>>>>

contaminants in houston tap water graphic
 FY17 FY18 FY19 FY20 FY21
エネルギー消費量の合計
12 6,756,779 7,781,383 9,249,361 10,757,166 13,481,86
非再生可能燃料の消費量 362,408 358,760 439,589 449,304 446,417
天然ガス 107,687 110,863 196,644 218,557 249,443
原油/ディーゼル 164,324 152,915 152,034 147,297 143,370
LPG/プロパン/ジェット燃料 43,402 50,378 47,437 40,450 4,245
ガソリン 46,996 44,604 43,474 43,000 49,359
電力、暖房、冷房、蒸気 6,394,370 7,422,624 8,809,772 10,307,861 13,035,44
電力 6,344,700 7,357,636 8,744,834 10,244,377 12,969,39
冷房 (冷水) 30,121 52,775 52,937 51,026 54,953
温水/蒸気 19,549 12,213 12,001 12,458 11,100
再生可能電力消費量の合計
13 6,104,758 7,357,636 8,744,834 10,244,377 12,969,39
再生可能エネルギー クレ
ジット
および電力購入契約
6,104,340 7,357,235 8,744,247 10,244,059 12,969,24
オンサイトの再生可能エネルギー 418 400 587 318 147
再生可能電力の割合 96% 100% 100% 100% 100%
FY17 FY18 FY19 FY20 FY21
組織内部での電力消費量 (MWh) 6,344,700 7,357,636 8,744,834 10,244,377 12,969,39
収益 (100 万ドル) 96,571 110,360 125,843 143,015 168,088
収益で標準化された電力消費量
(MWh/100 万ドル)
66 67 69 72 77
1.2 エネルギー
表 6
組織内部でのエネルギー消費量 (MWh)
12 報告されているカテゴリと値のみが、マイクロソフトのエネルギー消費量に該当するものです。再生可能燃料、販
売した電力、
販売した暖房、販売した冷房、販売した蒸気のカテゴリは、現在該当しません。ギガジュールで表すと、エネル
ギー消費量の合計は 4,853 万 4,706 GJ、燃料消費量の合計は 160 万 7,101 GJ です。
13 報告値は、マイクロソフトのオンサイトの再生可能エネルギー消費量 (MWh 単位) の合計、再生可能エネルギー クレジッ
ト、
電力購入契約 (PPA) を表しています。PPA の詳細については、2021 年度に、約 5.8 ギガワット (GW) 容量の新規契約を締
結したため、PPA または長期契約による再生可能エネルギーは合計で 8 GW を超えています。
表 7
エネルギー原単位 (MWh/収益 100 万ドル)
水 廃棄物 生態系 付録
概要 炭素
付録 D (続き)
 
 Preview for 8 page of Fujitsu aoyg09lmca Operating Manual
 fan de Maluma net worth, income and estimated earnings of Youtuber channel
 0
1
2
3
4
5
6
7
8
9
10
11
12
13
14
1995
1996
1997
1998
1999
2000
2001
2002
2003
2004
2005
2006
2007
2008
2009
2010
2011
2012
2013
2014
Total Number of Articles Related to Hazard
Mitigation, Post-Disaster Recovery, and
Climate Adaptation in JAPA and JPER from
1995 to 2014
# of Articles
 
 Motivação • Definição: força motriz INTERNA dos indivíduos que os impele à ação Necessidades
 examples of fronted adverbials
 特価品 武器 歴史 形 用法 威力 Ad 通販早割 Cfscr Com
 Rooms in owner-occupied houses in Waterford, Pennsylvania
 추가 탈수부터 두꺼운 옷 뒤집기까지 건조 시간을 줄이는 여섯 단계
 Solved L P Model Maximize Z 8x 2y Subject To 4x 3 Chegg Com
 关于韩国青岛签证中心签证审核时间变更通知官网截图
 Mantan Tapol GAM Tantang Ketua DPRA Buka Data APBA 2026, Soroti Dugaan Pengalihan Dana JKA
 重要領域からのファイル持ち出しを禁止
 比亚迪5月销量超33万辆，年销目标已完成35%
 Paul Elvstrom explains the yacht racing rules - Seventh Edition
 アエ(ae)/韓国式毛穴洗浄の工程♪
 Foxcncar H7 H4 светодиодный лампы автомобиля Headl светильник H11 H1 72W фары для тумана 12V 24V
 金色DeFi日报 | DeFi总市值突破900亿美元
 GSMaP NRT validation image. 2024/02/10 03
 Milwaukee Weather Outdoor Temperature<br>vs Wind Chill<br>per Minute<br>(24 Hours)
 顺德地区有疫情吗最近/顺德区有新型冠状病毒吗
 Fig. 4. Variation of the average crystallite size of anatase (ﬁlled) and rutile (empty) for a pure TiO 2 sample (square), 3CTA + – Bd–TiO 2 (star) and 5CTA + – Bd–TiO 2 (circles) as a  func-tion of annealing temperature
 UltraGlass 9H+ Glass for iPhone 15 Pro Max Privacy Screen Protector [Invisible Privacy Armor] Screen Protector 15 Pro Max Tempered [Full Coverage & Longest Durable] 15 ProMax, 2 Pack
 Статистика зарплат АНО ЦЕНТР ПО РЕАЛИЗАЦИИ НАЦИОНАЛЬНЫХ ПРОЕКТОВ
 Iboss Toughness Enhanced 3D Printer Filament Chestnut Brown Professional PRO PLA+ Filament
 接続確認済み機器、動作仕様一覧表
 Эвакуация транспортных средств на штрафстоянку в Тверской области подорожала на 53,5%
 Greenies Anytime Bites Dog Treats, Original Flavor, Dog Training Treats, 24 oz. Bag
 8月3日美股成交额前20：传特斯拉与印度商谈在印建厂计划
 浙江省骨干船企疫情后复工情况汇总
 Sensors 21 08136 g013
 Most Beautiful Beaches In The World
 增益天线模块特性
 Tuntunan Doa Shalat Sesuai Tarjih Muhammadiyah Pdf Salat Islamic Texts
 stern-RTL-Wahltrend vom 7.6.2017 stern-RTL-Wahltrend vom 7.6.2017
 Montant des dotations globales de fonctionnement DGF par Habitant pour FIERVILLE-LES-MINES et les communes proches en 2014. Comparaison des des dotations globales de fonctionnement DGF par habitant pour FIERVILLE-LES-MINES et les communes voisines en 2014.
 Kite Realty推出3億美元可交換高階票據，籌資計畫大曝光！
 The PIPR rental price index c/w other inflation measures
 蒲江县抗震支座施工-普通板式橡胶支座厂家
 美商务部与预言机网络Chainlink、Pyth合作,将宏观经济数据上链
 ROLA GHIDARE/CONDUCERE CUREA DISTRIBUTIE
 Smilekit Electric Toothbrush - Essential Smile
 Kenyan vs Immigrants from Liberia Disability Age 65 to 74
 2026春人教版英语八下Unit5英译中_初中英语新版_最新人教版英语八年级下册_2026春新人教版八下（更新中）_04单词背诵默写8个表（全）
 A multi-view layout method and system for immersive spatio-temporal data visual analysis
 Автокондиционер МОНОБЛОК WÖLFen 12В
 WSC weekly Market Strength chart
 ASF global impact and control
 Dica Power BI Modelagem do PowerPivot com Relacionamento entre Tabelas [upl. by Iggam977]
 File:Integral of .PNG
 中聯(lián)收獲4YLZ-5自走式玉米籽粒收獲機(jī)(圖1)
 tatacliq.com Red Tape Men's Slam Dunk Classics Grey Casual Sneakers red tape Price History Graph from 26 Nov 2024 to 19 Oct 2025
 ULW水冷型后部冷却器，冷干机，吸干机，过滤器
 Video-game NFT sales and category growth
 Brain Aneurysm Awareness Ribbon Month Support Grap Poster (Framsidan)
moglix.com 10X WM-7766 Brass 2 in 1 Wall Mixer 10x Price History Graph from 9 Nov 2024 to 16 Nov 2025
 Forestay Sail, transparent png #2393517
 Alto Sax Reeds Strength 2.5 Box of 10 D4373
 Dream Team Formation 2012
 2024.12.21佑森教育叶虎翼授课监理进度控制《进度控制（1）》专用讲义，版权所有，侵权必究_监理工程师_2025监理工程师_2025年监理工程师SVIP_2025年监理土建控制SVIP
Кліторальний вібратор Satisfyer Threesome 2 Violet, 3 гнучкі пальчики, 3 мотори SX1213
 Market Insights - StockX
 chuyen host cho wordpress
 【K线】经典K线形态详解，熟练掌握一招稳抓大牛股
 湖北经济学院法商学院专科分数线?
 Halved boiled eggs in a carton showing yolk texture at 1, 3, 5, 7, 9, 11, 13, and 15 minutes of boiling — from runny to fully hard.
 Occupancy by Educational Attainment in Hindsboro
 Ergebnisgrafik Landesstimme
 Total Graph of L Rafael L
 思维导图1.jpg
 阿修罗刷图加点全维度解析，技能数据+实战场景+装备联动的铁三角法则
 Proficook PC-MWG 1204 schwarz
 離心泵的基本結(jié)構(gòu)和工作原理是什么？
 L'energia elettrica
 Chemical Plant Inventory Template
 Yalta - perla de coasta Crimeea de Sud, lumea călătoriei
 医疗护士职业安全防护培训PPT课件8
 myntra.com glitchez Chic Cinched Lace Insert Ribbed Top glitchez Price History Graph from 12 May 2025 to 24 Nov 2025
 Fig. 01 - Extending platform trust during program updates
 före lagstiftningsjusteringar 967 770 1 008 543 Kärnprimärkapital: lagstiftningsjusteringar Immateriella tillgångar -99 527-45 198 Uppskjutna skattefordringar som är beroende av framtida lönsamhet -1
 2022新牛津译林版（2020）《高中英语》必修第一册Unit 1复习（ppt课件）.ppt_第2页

<<<<

§ Activity: All lines that hold the word "History" should be copied from the data.

§ Answer section:
 tatacliq.com Red Tape Men's Slam Dunk Classics Grey Casual Sneakers red tape Price History Graph from 26 Nov 2024 to 19 Oct 2025
moglix.com 10X WM-7766 Brass 2 in 1 Wall Mixer 10x Price History Graph from 9 Nov 2024 to 16 Nov 2025
 myntra.com glitchez Chic Cinched Lace Insert Ribbed Top glitchez Price History Graph from 12 May 2025 to 24 Nov 2025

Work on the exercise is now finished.